* Exercise instructions *
The word "Street" may appear in some lines of the data; copy every such line.

Stored items from a collection:
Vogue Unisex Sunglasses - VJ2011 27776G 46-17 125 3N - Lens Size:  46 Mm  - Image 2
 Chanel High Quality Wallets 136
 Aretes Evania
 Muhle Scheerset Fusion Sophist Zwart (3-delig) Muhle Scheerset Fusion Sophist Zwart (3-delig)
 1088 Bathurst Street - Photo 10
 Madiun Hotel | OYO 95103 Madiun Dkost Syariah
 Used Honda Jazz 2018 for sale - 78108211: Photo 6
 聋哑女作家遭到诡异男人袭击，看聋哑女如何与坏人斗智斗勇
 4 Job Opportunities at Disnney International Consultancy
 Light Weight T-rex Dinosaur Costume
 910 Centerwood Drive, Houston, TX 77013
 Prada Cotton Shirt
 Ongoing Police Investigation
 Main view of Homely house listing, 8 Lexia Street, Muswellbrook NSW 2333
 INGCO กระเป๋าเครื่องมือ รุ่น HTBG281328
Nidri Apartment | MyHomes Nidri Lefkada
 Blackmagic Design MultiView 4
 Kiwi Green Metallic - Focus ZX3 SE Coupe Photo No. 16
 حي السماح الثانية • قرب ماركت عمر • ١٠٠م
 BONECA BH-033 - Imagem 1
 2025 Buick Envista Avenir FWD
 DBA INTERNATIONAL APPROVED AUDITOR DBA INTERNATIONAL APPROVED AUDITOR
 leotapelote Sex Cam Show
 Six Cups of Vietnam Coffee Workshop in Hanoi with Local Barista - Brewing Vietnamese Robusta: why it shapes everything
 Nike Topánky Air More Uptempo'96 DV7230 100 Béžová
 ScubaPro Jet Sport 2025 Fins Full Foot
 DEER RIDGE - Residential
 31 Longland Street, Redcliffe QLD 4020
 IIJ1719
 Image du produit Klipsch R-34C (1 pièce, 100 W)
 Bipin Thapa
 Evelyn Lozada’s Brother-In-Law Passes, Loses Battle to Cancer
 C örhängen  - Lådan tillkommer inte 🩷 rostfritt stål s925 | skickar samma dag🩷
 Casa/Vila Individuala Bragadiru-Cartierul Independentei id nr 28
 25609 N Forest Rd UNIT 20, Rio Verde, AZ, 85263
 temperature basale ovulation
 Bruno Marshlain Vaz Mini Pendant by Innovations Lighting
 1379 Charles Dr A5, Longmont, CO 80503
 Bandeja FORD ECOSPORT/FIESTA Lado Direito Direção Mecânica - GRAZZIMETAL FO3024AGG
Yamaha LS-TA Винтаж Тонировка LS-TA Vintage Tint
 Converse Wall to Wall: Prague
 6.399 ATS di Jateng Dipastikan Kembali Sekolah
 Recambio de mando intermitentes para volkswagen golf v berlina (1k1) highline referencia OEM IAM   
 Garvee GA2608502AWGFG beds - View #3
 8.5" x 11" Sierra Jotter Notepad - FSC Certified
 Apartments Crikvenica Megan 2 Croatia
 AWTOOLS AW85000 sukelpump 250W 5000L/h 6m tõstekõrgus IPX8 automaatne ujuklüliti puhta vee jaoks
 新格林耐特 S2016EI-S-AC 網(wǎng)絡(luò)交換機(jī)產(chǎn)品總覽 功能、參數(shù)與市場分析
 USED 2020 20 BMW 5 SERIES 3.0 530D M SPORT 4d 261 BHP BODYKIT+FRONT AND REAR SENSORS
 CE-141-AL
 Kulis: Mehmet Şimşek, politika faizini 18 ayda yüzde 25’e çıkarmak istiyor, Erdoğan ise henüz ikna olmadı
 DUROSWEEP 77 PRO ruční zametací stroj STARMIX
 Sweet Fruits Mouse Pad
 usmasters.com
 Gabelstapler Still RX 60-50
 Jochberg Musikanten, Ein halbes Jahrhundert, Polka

* Finished task *
 1088 Bathurst Street - Photo 10
 Main view of Homely house listing, 8 Lexia Street, Muswellbrook NSW 2333
 31 Longland Street, Redcliffe QLD 4020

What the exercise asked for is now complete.